What’s the point when you can just do an find() call on the model and let the database do the searching? Sphinx is blindingly fast (even with very large datasets), it can sort by relevance, and it can sort across models.
There are three characteristic of our current project that recently made me delve into some of the complexities of sphinx.
- Our main database was carefully constructed to be utf-8 encoded
- The database primarily contains data on books. Generally English language, but plenty of the titles and authors have non English characters in them
- Our office is in Australia, so all our users have English language keyboards
Say we have an author whose name is “Alex Čihař”. Authors keep us in business, so we’d prefer to keep them happy.
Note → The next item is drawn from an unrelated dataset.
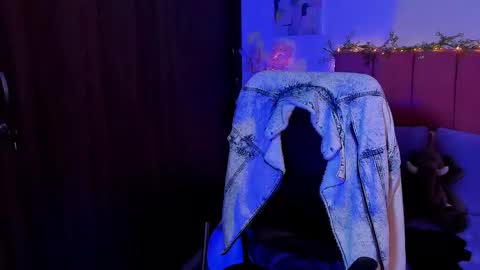 Laura Rose online show from 10-15-25, 03:12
Therefore, mangling their name on our promotional material is probably something to avoid, so we store Alex’s name in our database accents and all and give ourselves a pat on the back.
Then one of our clients calls customer service and asks for a copy of the new book from Mr Čihař. Our staff member does their best with the keyboard at hand and searches the system for “Alex Cihar”.
I bet you can see where this is going. No results.
The trick here is to use a thing called character folding. The Unicode consortium have a technical report on the topic if you feel like some bedtime reading. The long and the short of it is that in our particular environment, we wanted all of the following characters to be equivalent when searching: C c Ć ć Ĉ ĉ Ċ ċ Č č, and much the same for the accented versions of all the other latin-ish looking characters.
Lucky for us, Sphinx has a feature called charset_table for just this situation. It’s purpose in life is to map one Unicode character to another and make them functionally equivalent in the indexes.
With some processing of a CSV file provided by the Unicode consortium, it was possible to build a reasonable value for the charset_table option.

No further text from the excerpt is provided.